John Gregory: At Kellogg’s, we don’t multifunction because we are so functional based that, although finance "gets it," it is a struggle to convince the other functions.

David O’Sullivan: All functions we are talking about have the same agenda: to do more for less. So you’ve got to ask yourself: why is the pace of change or dynamic of change so different between functions? Why do some "get it" and the others don’t?

Lynda Atherton-Miles: I believe whether rwork goes into shared services or not depends on the balance of power. At Cummins, every year, we look at work which is done across all the businesses and decide whether cost is well understood for each process. The businesses know that we understand cost, and that we charge according to transaction – which does help to bring overall cost down. The other thing we do annually, under our global partner strategy, is look at the services offered in our center and check whether there are other companies with a better global capability reach who could deliver the services on our behalf. So our SSC is really a passthrough organization: We acquire work not well understood; rationalize it; standardize it; and then pass it out to a partner if that is a better deal to Cummins overall.

Philip Searle: I think a critical question in this debate is who "Business Services" reports up to internally. I hear this question a lot. Is it to the CFO? CIO? CAO? COO? Head of HR?

David O’Sullivan: My observation is that there is some confusion regarding the perceived value of this kind of undertaking at the right level and thisresults in a functional approach rather than a business wide venture.

Tim Palmer: What I’ve seen in companies not able to make the bold move of putting one person in charge of delivery is a sort of incremental step of setting up a global business board.

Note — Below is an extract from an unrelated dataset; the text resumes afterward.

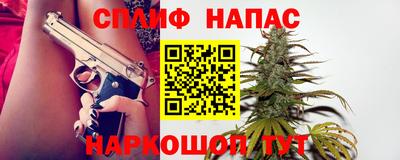 кокаин VHQ Партизанск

This does allow for meaningful discussion among a management board with a hands-on role of setting the business management agenda.

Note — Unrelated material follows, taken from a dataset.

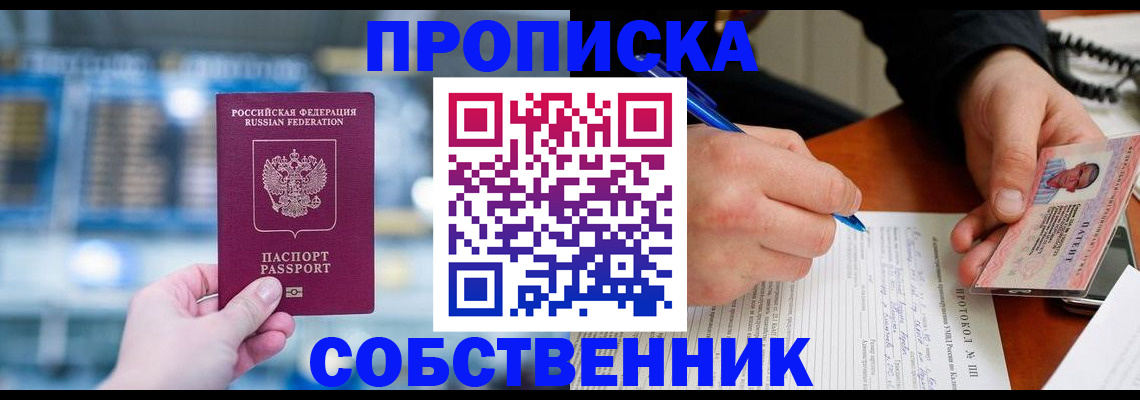 временная регистрация для всех в Киржаче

Andrea Schaffell: At Lockheed Martin, my initial boss, who was SVP of corporate shared services reported into the COO of the corporation, who was also co-chairman at the time. This reporting structure secured tremendous support, of course. Within the SSO structure there were five VPs: one for finance; one for HR; etc. Each of us reported into the SVP as well as a dotted-line report into the corporate function: I, as financial services VP, into the corporate controller. There was a certain amount of a struggle from the organizational perspective to recognize who we took our ultimate direction from. Now that the organization is more mature, the shared services leader reports to the CFO – but the dotted-line relationships continue.

Noah Franklin: We all have that issue: who you are reporting to, as opposed to who your customer is, and who your sponsor is. It does not help.

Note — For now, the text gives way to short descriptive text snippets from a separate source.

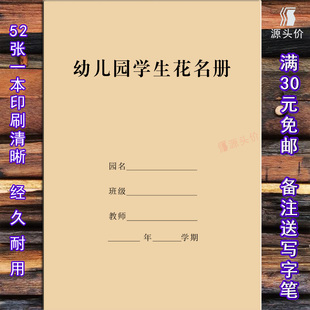 幼儿园学生花名册点名本登记本定制订做表格学校园教师班级幼稚园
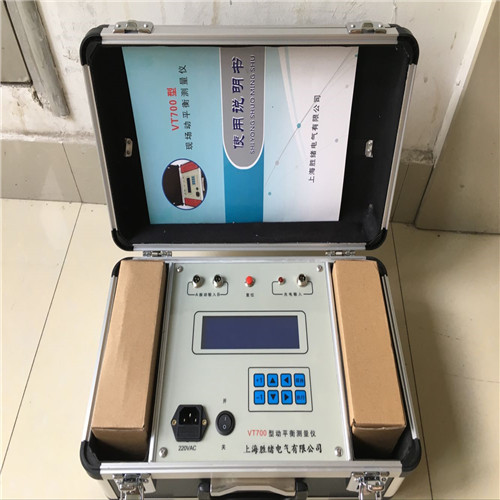 动平衡测试仪销售-上海恒蜀电力设备有限公司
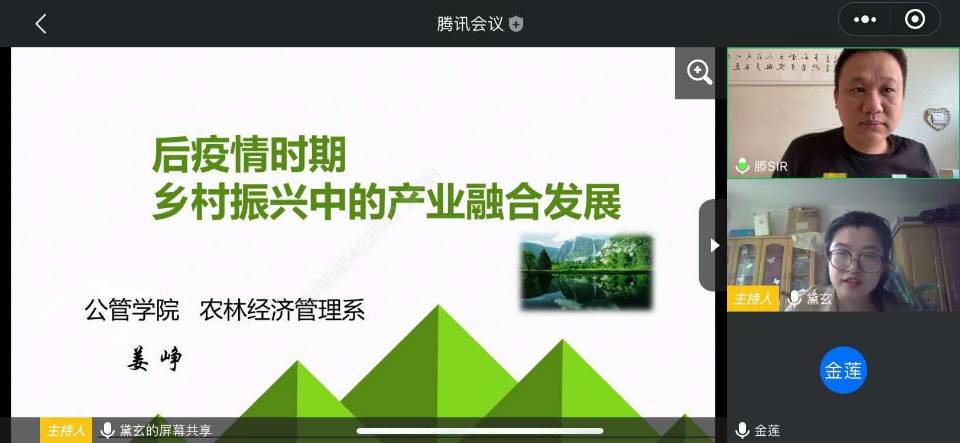 Cache_-638a88f57a3b9e93. Cache_-638a88f57a3b9e93.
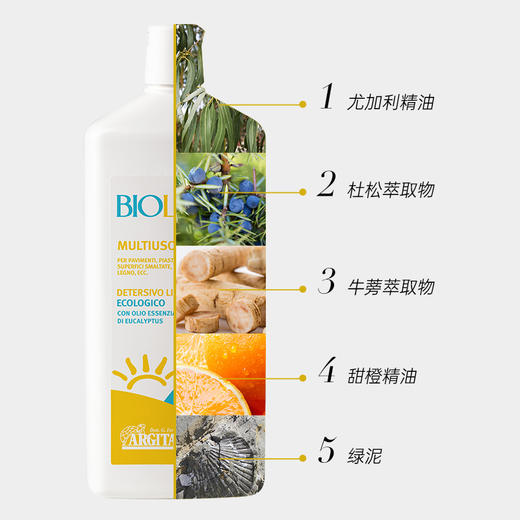 雅琪朵：尤加利多用途洗洁精1L 原装进口 商品图4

Gerry Niven: This is a real challenge. It goes back to, "what is an SSO"? Is it a business unit in its own right? Frequently SSCs end us as part of finance, more a centralization rather than a full-blown service. I think a general manager should head shared services. Especially when it comes to multifunction, where you have the
same disciplines, same skills sets, and same process focus. How serious the shared services capability is depends on who you report to – you need a strong business and services orientation.

David O’Sullivan: Yes, I agree with the criticality of reporting lines. The customer reporting lines are really critical but so is the representation at executive board level to ensure the mandate is carried out in accordance with company goals. But do you need a global head of shared services at executive level? Or can you give this
responsibility to an executive board member as part of their overall role?

Tom Bangemann: In terms of success criteria, the higher your support level, the better. The more independent the shared services, the more likely it will be successful. A crucial aspect is that you need a program management office or a transformation office, which acts as a linking pin. All different initiatives are consolidated, and transparent, through this office. Regardless of where they report into, a PMO can drive shared services projects in one common direction.

Philip Searle: What I’m also hearing is that shared services, as a delivery model, is still massively underutilized. "Doing" AP is not the same as running broad scope shared services. There is still a huge opportunity, here, which is largely untapped.

Lynda Atherton-Miles: Because we look for scope, it offers us a pressure point on the business. Often, this is linked to something we already do. At the moment, for example, we have been looking at customer care, which is done everywhere in our business – though it is not linked to anything we already do at present. We built a competency of being able to understand the costs of work and bringing it down. Another potential area is the maintenance of price files, which is carried out throughout the business – but not very well. It impacts AP, which is located in our services center. So, generally, we look for linkages and ther work we could rationalize and where we could drive costs down.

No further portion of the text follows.